#### AVAILABLE DATA:

--------------------

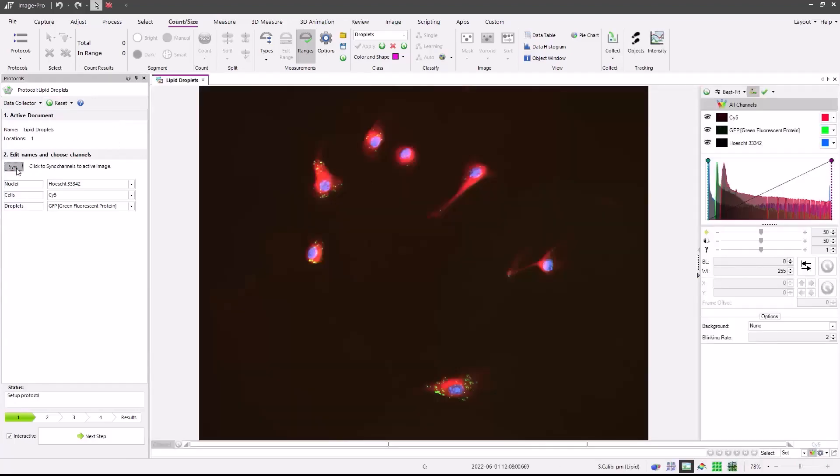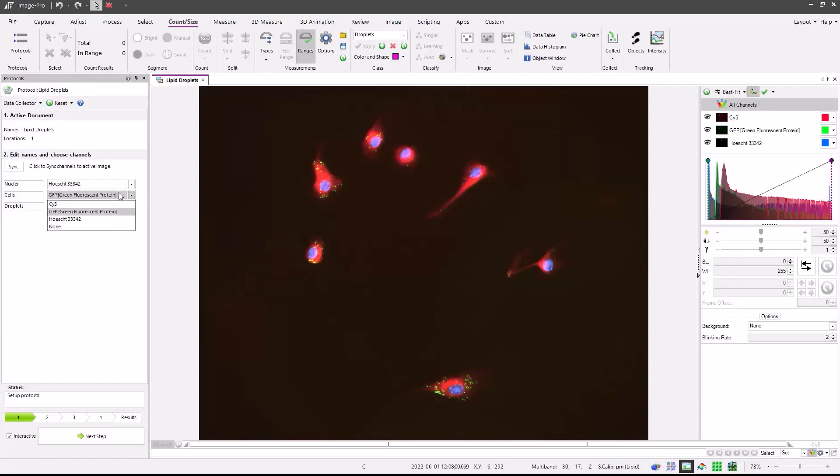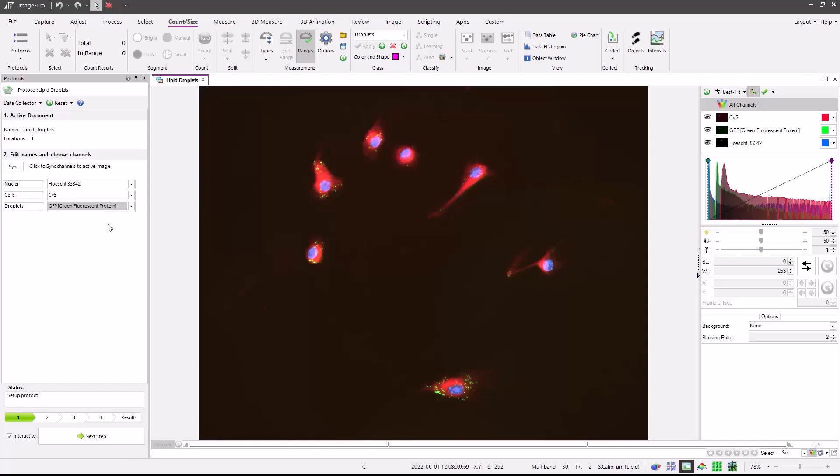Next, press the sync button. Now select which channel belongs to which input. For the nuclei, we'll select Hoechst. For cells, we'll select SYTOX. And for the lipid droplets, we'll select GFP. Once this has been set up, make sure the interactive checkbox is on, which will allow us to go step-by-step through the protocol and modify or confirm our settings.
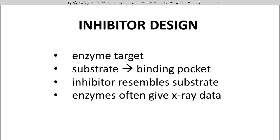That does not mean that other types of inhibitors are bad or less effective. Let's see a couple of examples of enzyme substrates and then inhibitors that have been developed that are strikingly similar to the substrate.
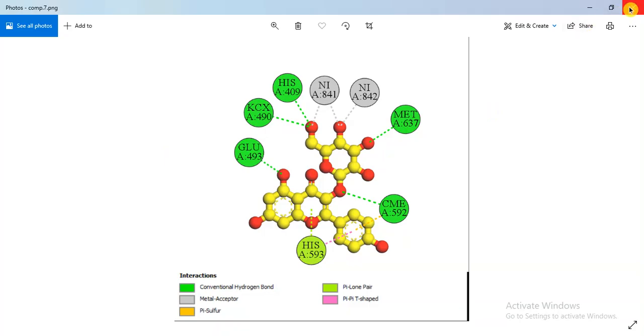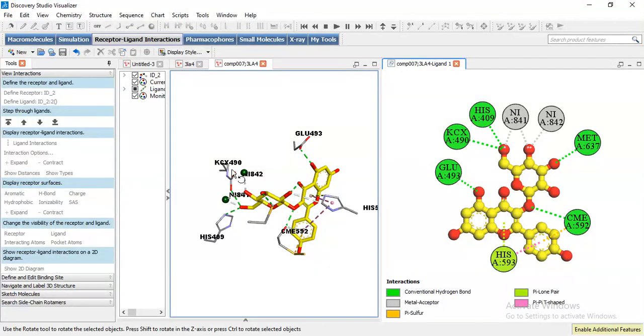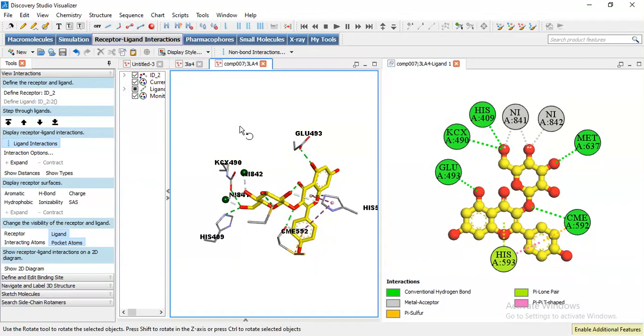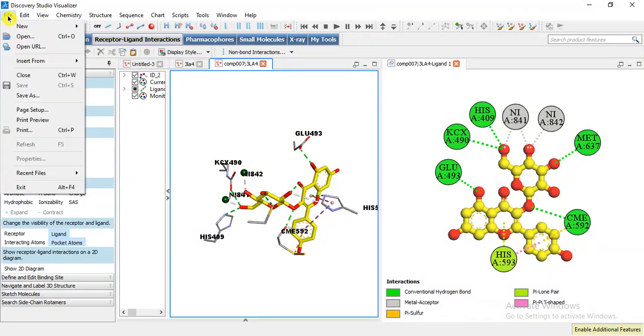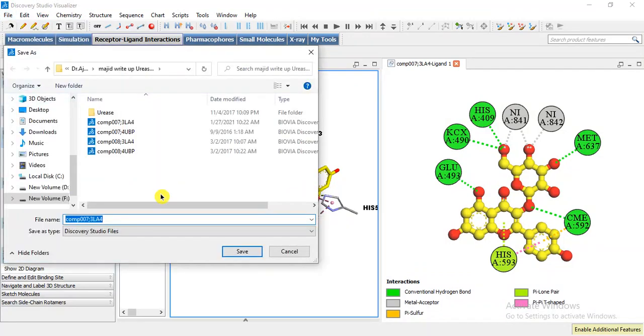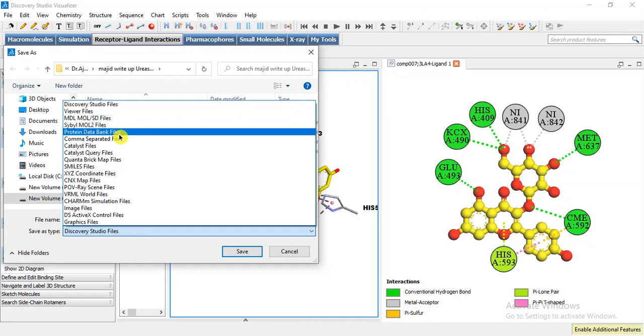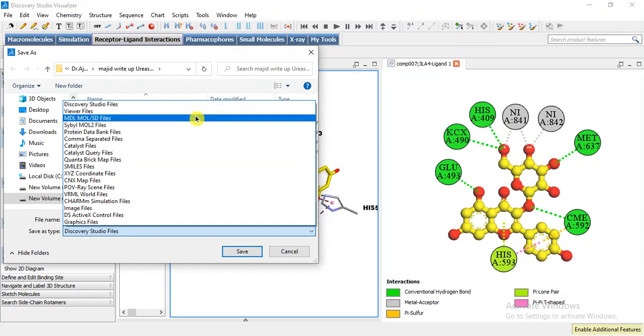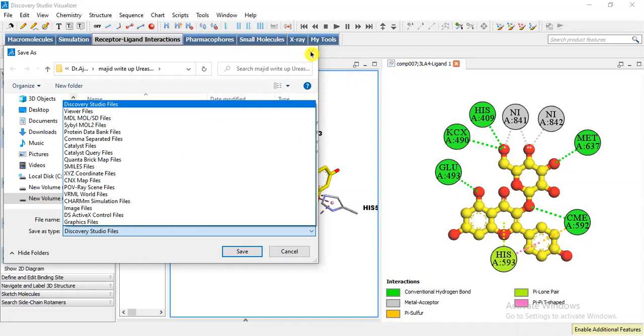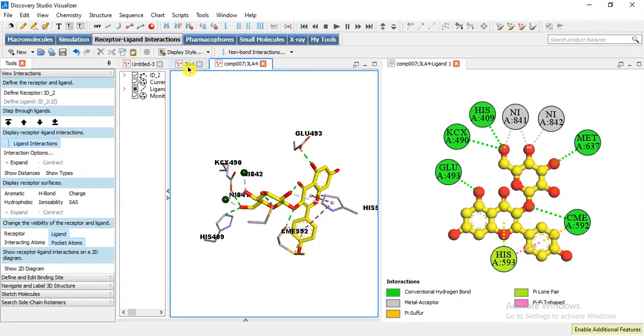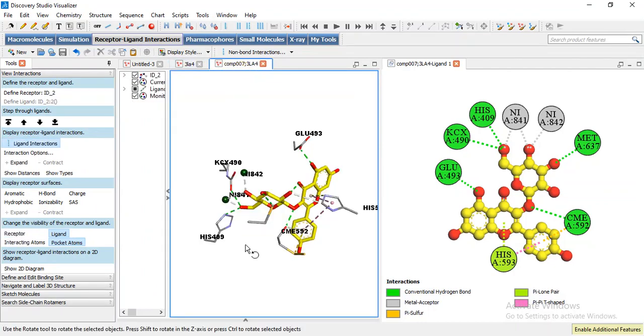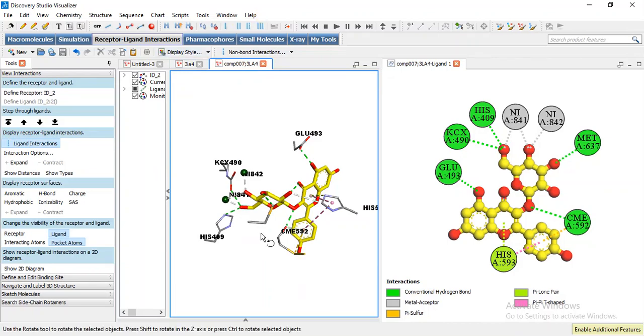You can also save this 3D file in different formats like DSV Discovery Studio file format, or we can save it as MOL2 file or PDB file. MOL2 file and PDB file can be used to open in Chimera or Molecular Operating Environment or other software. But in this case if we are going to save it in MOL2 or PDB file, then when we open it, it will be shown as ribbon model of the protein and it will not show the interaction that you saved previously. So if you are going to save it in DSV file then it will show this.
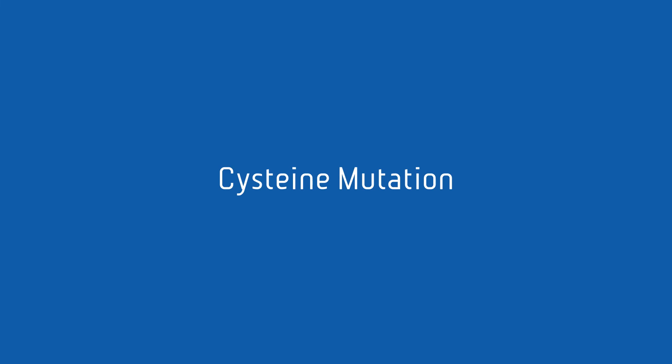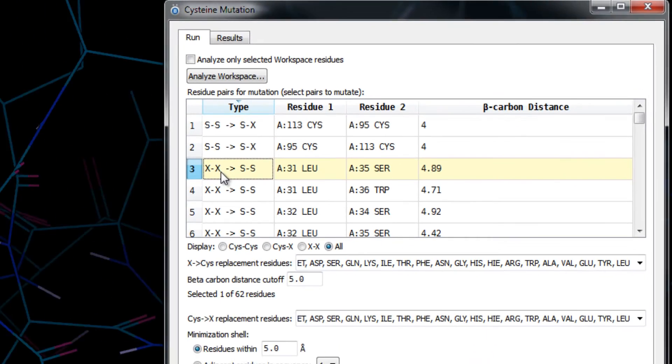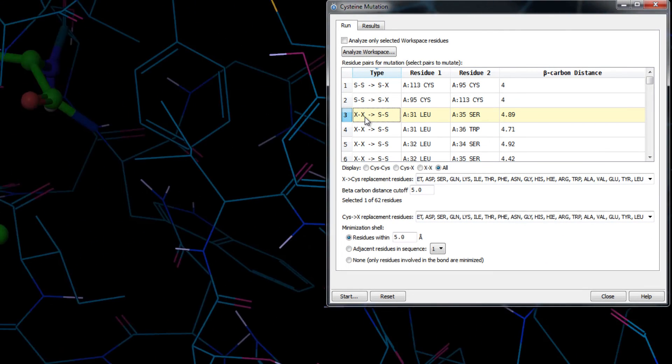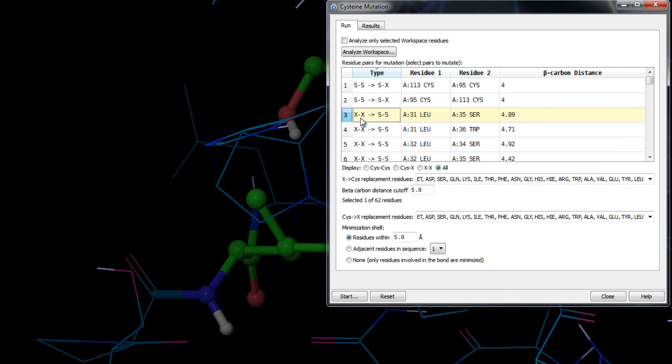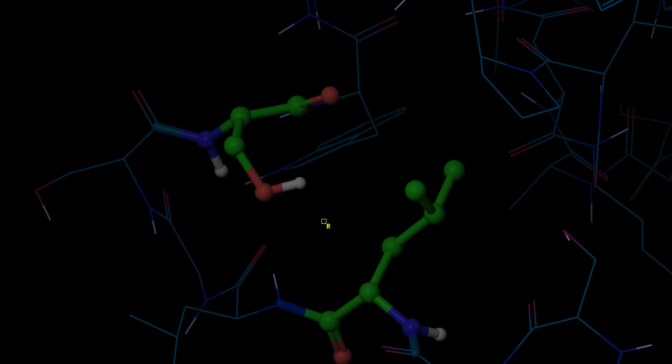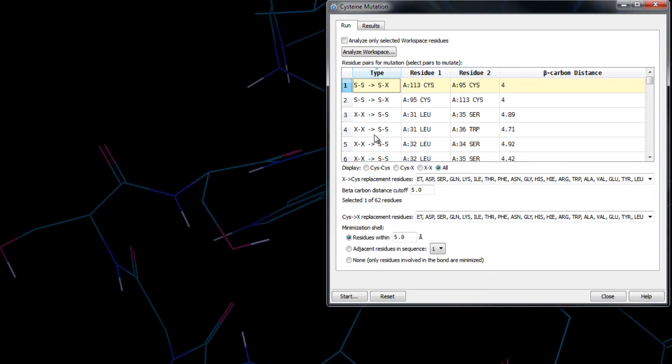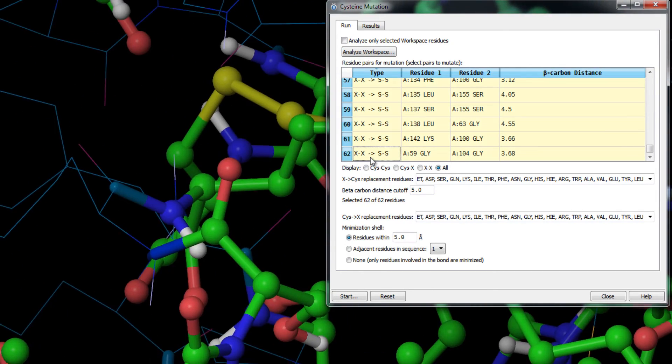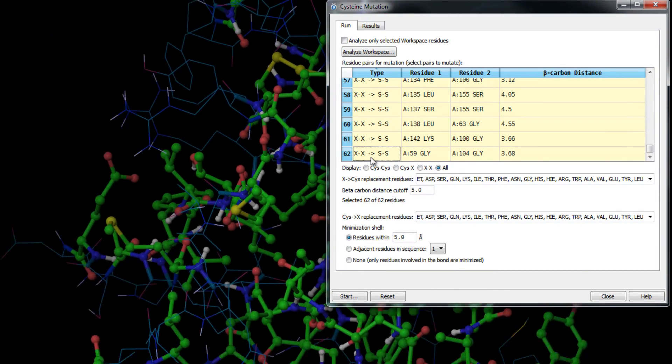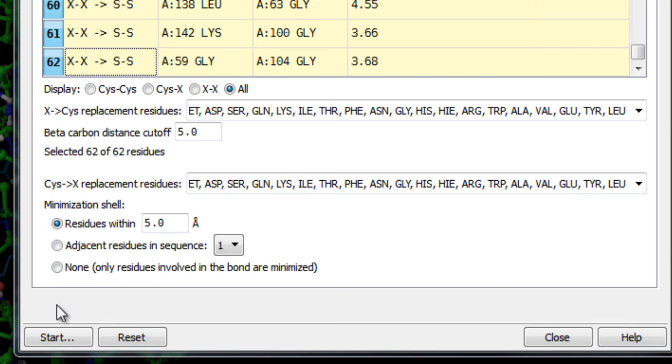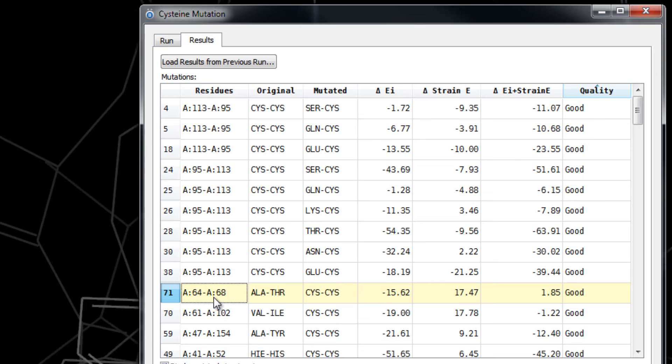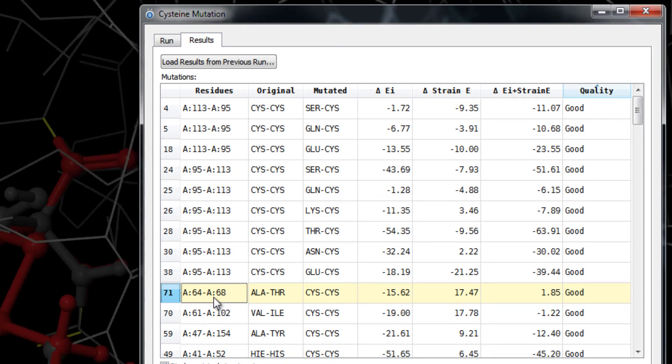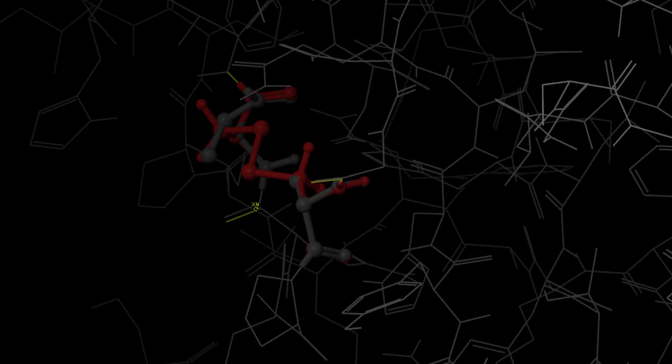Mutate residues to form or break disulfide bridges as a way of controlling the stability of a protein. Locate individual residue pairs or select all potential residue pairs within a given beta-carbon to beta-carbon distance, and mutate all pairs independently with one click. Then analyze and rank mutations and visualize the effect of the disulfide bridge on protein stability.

--------------------

#### EXERCISE OBJECTIVE:
Set down all of the material word for word, minus its pictures.

#### RESULT OF THIS TASK:
Next, press the sync button. Now select which channel belongs to which input. For the nuclei, we'll select Hoechst. For cells, we'll select SYTOX. And for the lipid droplets, we'll select GFP. Once this has been set up, make sure the interactive checkbox is on, which will allow us to go step-by-step through the protocol and modify or confirm our settings.
That does not mean that other types of inhibitors are bad or less effective. Let's see a couple of examples of enzyme substrates and then inhibitors that have been developed that are strikingly similar to the substrate.
You can also save this 3D file in different formats like DSV Discovery Studio file format, or we can save it as MOL2 file or PDB file. MOL2 file and PDB file can be used to open in Chimera or Molecular Operating Environment or other software. But in this case if we are going to save it in MOL2 or PDB file, then when we open it, it will be shown as ribbon model of the protein and it will not show the interaction that you saved previously. So if you are going to save it in DSV file then it will show this.
Mutate residues to form or break disulfide bridges as a way of controlling the stability of a protein. Locate individual residue pairs or select all potential residue pairs within a given beta-carbon to beta-carbon distance, and mutate all pairs independently with one click. Then analyze and rank mutations and visualize the effect of the disulfide bridge on protein stability.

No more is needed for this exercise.